É certo que não desciam a essa futilidade poetas como Olavo Bilac, Alberto de Oliveira ou Vicente de Carvalho, mas, como observou Francisco de Assis Barbosa, o EU aparece num período em que “predominava” a literatura chamada “sorriso da sociedade”. (GULLAR, 2011, p. 23, grifos do autor)

É o feio em sua poesia que provoca o sentimento natural da beleza e que, como na lírica moderna, provoca um choque entre texto e leitor. Em todos os poemas analisados, o feio, ainda que moderado em tempo, espaço e afeto, se comparado a alguns poetas modernos, existe em toda sua sensibilidade. As cenas e ações desenvolvem-se em uma sucessão de fatos, principalmente, em O morcego. Há referências de tempo em Eterna mágoa e o eu lírico responde com ações precisas: morri, me assombra, afunda, pego... Neste complexo a morte contorna seu caráter de cotidianeidade, pois, apesar da aparência obscura refere-se sempre a uma figura conhecida e provoca excitações humanas.

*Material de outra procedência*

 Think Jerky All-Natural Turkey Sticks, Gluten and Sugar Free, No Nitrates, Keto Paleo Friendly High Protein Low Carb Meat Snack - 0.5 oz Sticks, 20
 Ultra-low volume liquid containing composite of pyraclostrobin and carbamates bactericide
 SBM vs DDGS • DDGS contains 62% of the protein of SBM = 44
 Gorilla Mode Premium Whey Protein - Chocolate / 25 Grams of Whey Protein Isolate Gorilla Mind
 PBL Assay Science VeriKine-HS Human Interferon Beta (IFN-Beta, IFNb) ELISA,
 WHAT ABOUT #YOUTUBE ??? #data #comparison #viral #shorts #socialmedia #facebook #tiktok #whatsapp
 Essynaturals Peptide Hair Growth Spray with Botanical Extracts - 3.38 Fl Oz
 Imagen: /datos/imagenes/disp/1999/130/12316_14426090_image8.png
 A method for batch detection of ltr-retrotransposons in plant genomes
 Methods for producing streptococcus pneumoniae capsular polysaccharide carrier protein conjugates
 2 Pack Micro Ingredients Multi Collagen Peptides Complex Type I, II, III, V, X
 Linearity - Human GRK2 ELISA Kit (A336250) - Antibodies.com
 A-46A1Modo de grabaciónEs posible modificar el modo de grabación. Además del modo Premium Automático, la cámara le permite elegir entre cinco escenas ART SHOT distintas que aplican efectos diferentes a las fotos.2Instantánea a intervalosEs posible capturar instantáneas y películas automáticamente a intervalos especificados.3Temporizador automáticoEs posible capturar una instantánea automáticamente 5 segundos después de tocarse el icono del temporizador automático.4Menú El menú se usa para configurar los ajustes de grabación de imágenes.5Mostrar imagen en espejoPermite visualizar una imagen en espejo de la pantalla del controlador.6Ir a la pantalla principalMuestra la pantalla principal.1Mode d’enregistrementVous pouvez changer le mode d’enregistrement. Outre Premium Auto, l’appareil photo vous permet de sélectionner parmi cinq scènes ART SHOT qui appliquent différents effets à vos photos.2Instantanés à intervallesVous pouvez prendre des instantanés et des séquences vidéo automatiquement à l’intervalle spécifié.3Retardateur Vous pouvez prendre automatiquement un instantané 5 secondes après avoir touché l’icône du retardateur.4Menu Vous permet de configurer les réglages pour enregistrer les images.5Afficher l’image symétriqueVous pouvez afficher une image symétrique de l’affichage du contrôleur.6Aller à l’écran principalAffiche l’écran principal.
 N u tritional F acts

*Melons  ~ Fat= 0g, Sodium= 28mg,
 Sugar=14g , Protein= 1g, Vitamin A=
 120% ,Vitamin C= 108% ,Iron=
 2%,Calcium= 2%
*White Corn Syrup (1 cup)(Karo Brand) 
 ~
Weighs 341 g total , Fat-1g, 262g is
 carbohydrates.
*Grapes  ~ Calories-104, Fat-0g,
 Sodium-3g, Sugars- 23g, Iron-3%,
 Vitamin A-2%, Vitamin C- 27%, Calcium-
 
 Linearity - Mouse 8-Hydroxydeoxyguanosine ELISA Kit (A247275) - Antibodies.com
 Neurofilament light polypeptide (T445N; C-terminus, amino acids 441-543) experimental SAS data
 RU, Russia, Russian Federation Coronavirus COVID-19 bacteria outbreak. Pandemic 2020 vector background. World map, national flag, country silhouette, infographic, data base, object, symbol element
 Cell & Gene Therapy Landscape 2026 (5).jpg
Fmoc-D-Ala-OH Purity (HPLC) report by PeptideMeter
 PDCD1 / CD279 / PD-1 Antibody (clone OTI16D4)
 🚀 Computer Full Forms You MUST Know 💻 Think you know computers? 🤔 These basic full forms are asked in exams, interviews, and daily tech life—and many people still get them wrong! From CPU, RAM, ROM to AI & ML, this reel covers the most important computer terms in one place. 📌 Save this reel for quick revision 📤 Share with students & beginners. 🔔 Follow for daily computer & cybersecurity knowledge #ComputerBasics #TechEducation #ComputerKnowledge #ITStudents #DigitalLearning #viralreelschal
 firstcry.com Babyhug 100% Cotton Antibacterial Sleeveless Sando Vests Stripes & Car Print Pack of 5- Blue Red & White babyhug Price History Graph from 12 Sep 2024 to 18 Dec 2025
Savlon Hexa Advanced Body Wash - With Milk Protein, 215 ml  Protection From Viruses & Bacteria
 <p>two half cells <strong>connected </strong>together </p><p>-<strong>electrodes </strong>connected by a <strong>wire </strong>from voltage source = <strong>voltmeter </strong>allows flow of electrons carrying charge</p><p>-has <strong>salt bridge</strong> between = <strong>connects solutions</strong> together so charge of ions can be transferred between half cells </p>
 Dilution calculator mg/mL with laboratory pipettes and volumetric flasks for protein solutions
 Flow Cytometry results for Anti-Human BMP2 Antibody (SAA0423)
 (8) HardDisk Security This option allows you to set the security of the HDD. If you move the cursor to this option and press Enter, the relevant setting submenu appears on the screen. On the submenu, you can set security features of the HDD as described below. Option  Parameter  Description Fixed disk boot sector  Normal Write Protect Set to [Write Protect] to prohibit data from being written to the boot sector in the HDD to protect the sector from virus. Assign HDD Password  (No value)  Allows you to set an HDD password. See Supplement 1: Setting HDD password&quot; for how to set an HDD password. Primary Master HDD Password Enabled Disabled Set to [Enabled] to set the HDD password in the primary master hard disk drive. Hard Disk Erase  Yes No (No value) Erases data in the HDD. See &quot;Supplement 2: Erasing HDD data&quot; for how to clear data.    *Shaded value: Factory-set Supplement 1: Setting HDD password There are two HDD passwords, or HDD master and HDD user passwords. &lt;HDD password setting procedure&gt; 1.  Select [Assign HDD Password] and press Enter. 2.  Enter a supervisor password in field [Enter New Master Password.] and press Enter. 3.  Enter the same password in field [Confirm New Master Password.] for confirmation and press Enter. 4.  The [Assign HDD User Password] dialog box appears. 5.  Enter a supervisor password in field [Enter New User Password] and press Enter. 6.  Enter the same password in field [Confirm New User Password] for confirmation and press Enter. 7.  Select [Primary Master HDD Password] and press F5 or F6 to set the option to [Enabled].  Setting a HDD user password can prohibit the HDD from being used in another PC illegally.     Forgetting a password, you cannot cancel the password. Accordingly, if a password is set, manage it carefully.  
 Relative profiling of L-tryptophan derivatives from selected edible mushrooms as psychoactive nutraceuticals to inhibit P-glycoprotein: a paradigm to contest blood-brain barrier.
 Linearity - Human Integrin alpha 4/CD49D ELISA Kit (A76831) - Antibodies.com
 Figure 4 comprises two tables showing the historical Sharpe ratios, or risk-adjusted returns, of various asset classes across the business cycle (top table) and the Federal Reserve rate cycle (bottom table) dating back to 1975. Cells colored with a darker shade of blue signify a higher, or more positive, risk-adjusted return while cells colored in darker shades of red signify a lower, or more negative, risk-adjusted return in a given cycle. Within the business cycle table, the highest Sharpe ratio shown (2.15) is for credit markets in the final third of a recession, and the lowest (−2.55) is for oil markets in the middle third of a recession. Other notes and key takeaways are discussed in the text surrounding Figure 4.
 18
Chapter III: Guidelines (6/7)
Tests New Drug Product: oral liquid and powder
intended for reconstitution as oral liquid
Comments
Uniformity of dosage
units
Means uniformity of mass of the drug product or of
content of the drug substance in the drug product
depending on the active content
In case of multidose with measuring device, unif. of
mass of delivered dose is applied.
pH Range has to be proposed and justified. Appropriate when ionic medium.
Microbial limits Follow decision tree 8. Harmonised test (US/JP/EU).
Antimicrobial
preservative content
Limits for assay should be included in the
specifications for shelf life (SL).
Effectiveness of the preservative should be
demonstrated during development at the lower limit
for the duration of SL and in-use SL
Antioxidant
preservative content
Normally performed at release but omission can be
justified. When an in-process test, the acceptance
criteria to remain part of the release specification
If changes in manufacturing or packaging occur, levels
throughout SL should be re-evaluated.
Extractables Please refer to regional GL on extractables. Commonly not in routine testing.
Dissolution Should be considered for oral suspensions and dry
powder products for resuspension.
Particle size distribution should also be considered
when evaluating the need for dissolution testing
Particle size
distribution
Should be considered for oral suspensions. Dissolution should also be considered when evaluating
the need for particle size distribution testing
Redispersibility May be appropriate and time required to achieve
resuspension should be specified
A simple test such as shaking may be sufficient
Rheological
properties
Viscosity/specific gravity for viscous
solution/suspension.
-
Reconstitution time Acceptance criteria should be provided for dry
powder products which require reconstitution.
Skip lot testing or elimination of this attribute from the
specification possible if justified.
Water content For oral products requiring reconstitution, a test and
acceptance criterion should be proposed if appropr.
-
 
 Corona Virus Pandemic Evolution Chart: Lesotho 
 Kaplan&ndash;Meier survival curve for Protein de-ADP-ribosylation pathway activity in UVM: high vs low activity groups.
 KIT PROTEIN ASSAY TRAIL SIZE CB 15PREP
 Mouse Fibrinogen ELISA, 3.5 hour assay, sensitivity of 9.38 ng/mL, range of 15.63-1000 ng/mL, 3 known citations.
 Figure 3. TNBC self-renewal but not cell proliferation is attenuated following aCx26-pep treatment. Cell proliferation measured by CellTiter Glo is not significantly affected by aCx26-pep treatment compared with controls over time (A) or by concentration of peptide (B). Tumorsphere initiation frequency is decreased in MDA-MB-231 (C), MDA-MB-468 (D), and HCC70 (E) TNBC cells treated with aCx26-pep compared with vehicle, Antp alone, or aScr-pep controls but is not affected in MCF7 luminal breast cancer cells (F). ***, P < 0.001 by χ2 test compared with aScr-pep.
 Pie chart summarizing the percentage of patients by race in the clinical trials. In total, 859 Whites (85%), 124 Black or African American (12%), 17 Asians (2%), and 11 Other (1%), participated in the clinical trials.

E é esta a função da lírica moderna: impor a tarefa paradoxal de expressar e esconder um significado. A linguagem, como comunicação, deu espaço ao princípio estético dominante no hodierno poético, onde a obscuridade se mantém em um espaço que mais afasta e/ou sugere do que aproxima.

Sem dúvida, a lírica moderna é produto de uma nova época e de uma nova situação social do homem. E o traço mais marcante desta unidade estilística no plano ideológico é a desmistificação ou despersonalização da realidade e consequentemente do homem, como produto de um desenvolvimento capitalista e científico da sociedade.

Na obra Eu, com exceção dos poemas dedicados ao filho nascido morto e ao pai, Augusto dos Anjos não data suas produções, não sendo possível buscar compreender sua lírica através de dados bibliográficos. Neste sentido, a palavra lírica já não nasce da unidade de poesia e pessoa empírica e de maneira alguma pode ser entendida como expressão bibliográfica, pois já não se move dentro do círculo do que é familiar.

E é Baudelaire quem inicia a despersonalização da lírica moderna. O sentimentalismo pessoal dá lugar à capacidade de sentir da fantasia uma elaboração guiada pelo intelecto, de forma a abranger tarefas mais difíceis e que de forma mais intensa é capaz de chegar à neutralização.